» WHAT TO WORK ON
Without any pictures, print the lines below from the one that has "GENESIS EQ900 5.0 GDI AWD LIMOUSINE" through the one that has "Genesis GV70 2022 — Photo 32/33", exactly and nothing else.

» RECORDS FOR THIS EXERCISE

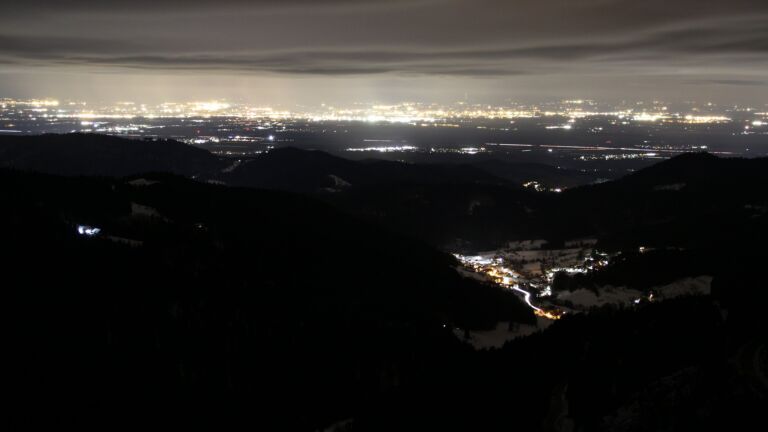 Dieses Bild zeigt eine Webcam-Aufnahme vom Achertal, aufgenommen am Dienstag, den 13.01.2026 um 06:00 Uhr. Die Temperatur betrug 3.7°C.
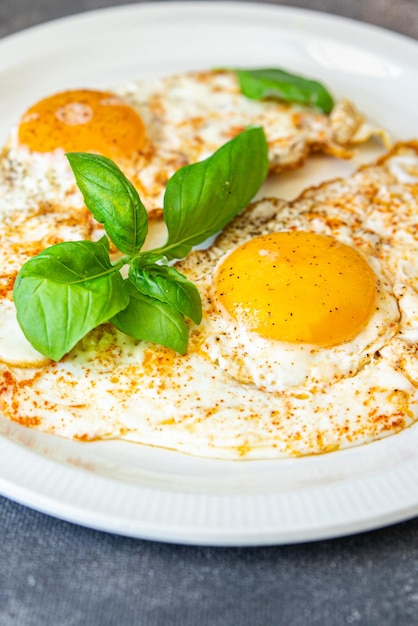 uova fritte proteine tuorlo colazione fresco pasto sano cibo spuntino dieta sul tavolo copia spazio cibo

---

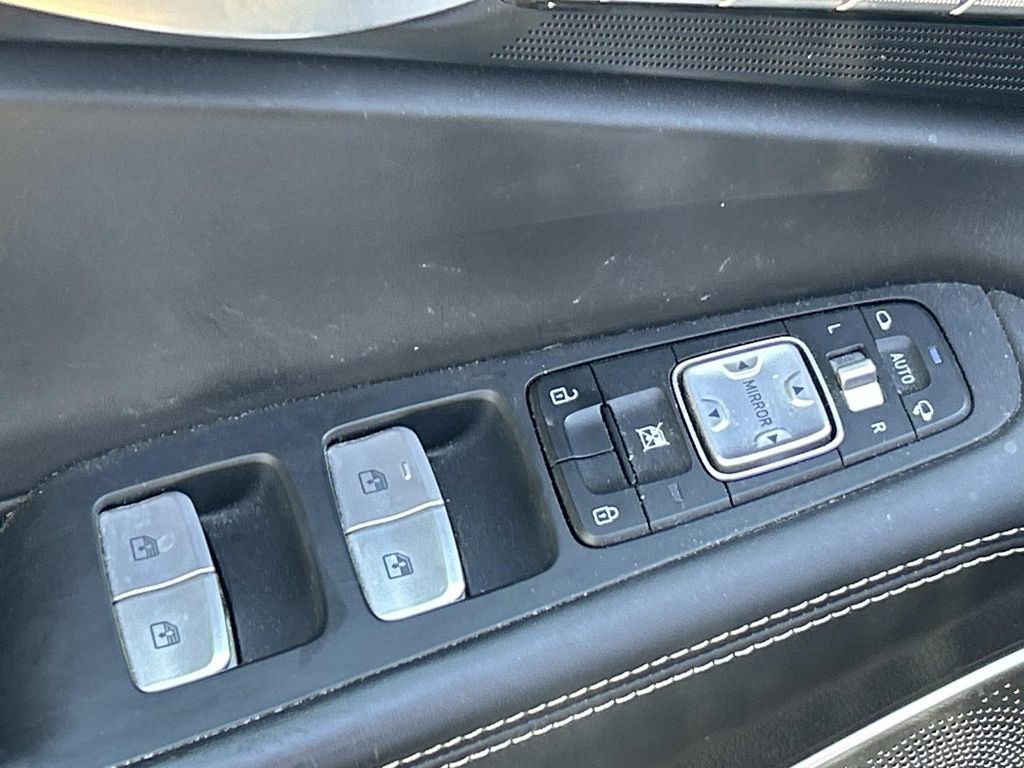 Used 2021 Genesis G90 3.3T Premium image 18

--

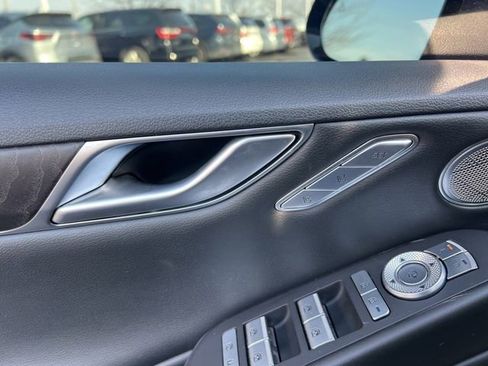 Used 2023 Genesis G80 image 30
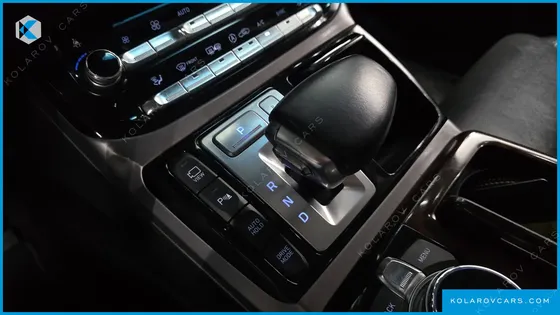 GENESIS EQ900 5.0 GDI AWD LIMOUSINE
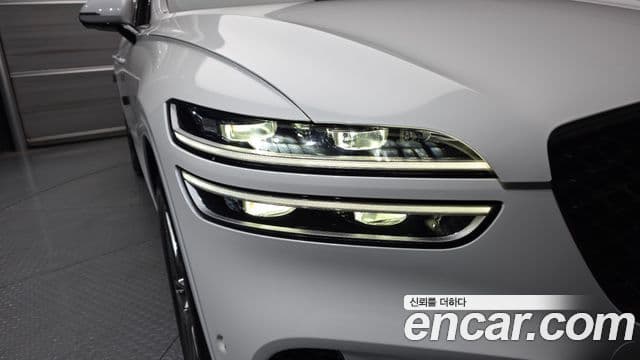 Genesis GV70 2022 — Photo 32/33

» FINAL ANSWER
 GENESIS EQ900 5.0 GDI AWD LIMOUSINE
 Genesis GV70 2022 — Photo 32/33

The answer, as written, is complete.